About 1984 or 85, Chicago personnel undertook a routine maintenance shutdo

When I worked in an Army installation data processing center, our resident IBM tech told of a time he went on vacation.

It seems that IBM would put several functional areas on the cards for their computers. In slot one, section A would get used. In slot two, section B got used, etc.

It was not uncommon to put a card with a non-functional section B in slot one, as that slot did not use section B. And a given slot may use several sections.

Multiply that times numerous cards and you may see where I’m going with this.

The regular tech knew which cards had which section non-functional, so would not put a car with a bad section A in slot one, etc.

The replacement tech didn’t know which cards had which sections OOS.

When the regular tech returned, it took him a while to sort everything out and get the subject computer back on line…

During a routine maintenance procedure performed by a vendor, the vendor’s software created an error that caused the company’s primary and recovery data-storage systems to become unresponsive, which then affected its core operational systems.
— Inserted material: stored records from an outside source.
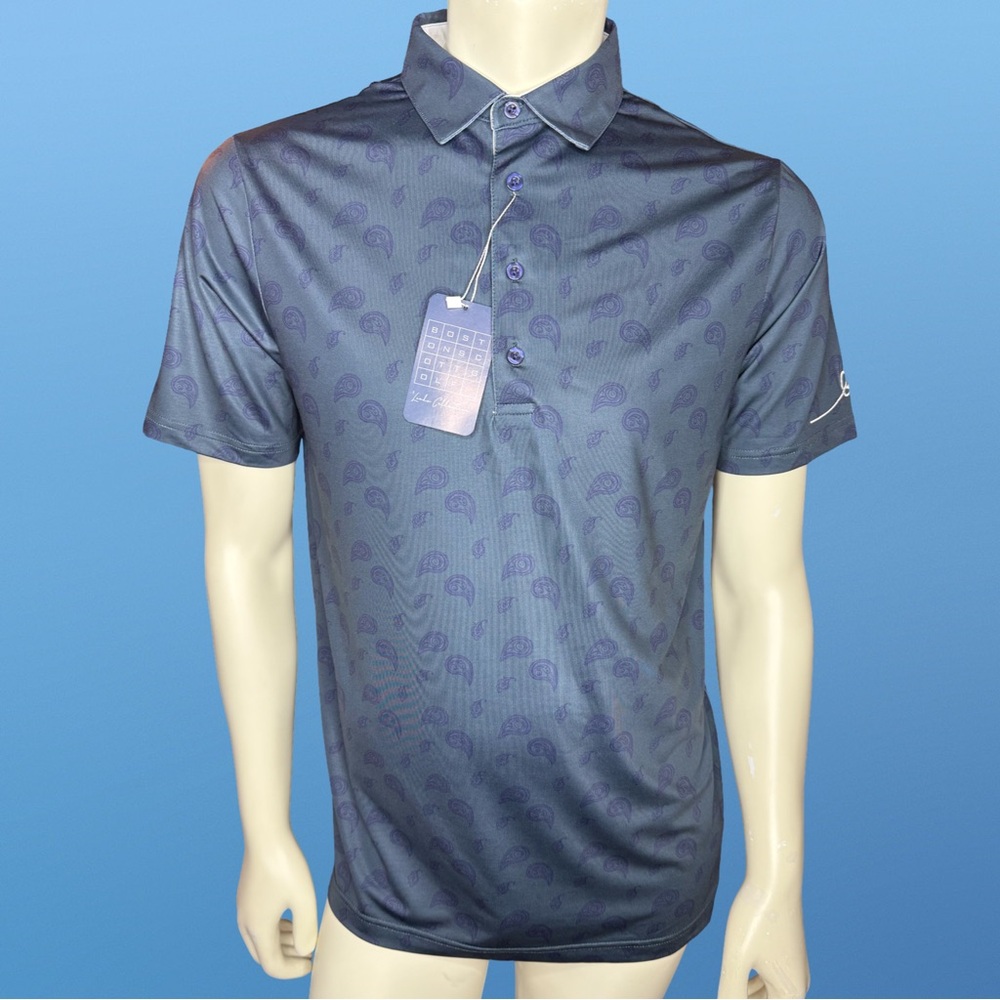 Retail $79 Boston Scott Men’s Golf Polo Blue Size Small NWT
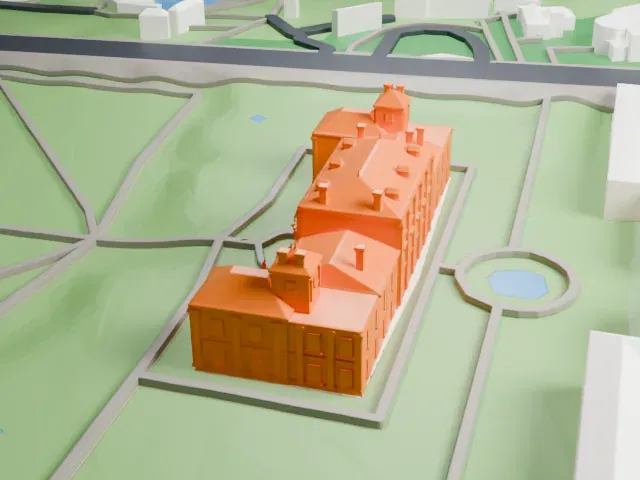 Troja Palace model, East view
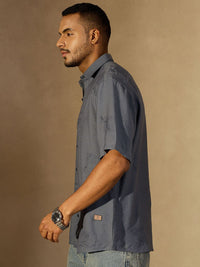 DENNISON Men Embroidered Oversized Spread Collar Short Slevees Casual Shirt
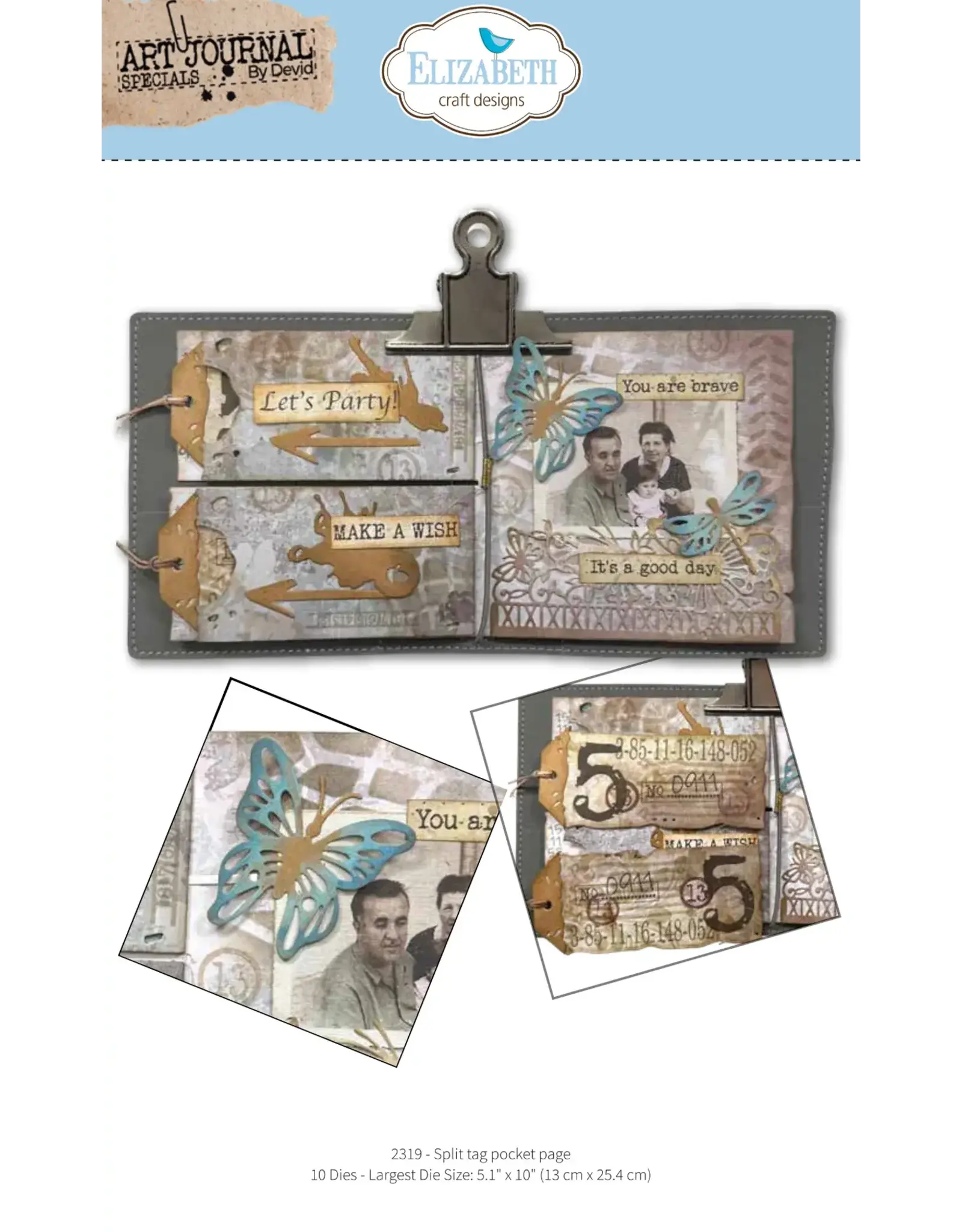 ELIZABETH CRAFT DESIGNS ELIZABETH CRAFT DESIGNS ART JOURNAL SPECIALS BY DEVID SPLIT TAG POCKET PAGE DIE SET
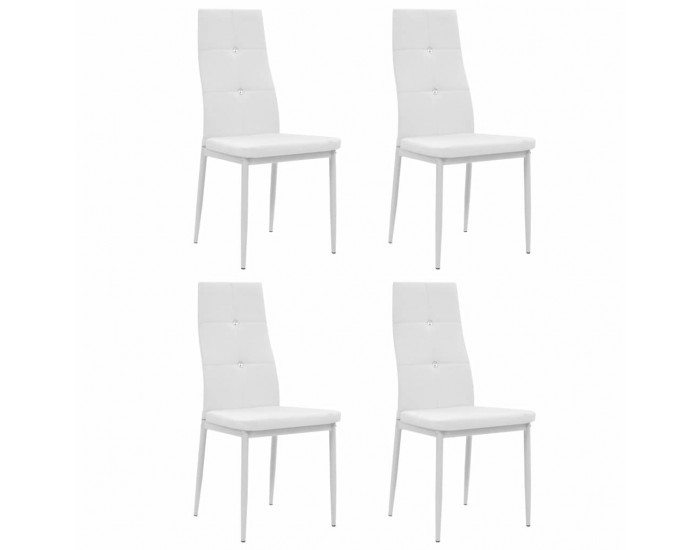 Sonata H Трапезни столове, 4 бр, бели, изкуствена кожа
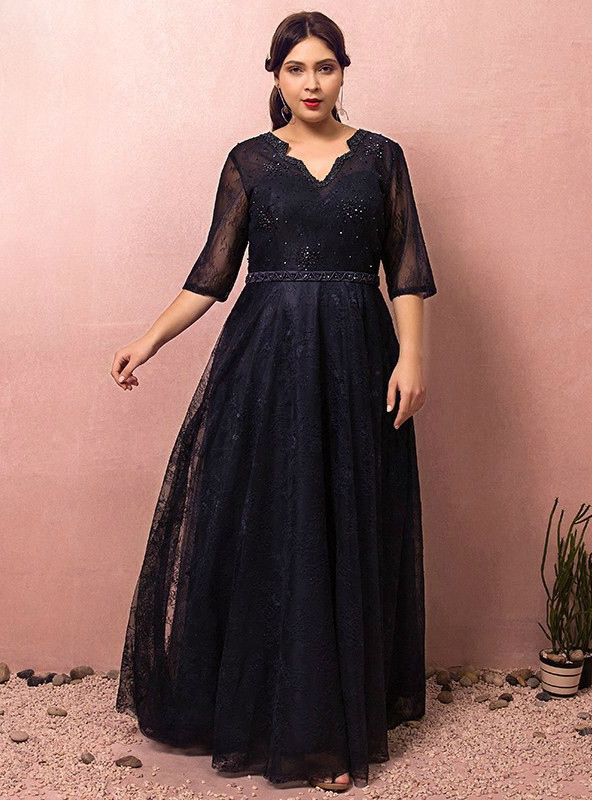 Plus Size Blue Tulle Half Sleeve Backless Prom Dress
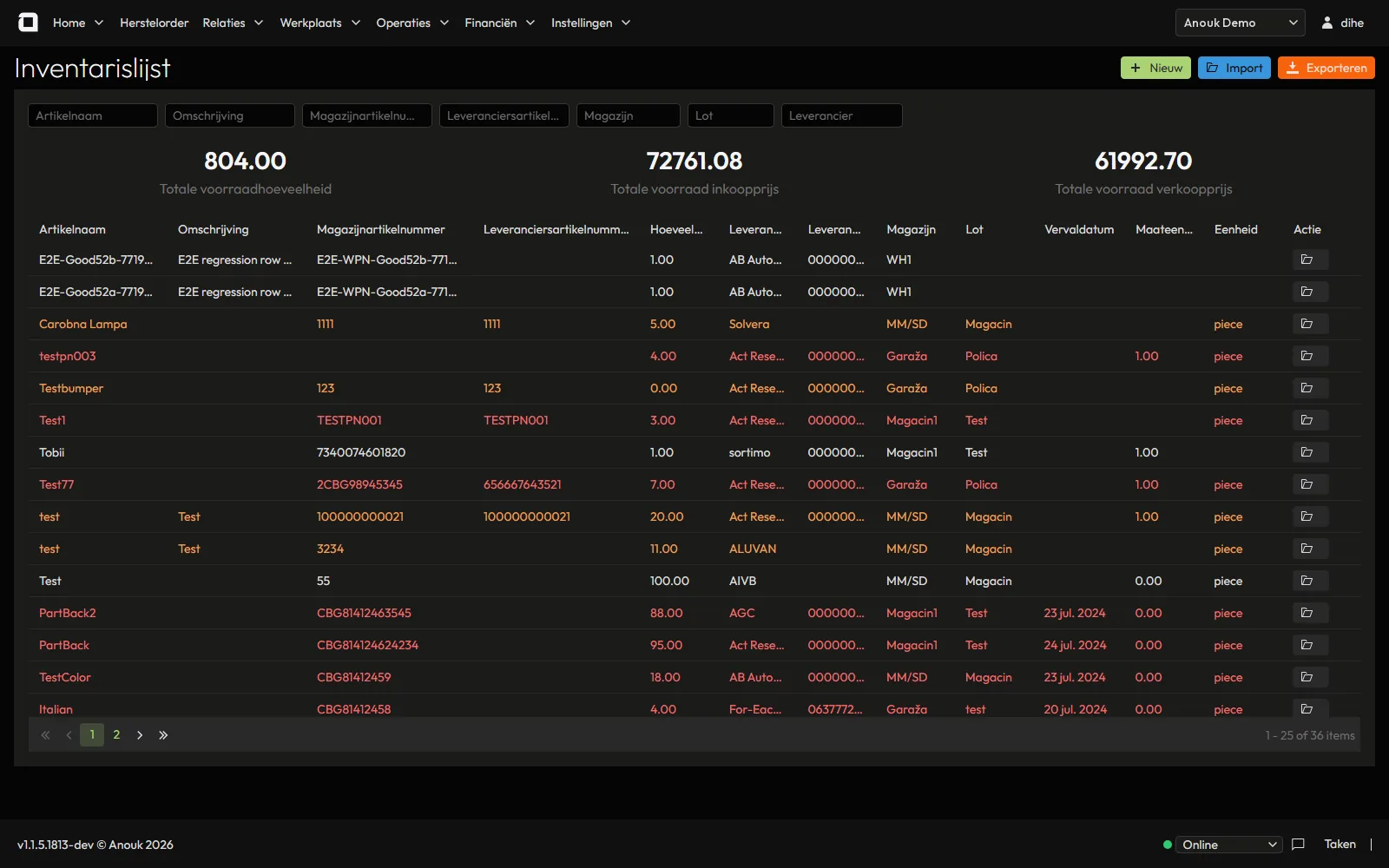 Inventory list with total stock quantity, purchase value and sales value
Norfolk Southern didn’t name the vendor but described it as a “leading global technology provider.”

https://www.wric.com/business/press-releases/cision/20230901PH98837/norfolk-southern-provides-technology-outage-update/

It was more than PTC, but remember PTC sits on top of the heap. Talks to train dispatching system, signal system, Yard inventory system (consist for braking algorithm), Crew call (sign in for train crew), and more. Any one of these goes dark, PTC goes dark.

Why things didn’t fail over to backups is a good question.

When computerized applications are implemented in the areas you have mentioned - there are no longer enough people available, knowledgeable enough, or having paper systems in place to be a back up to a failed computer and its applications. In today’s business/railroad world - when the computer stops, so does everything else.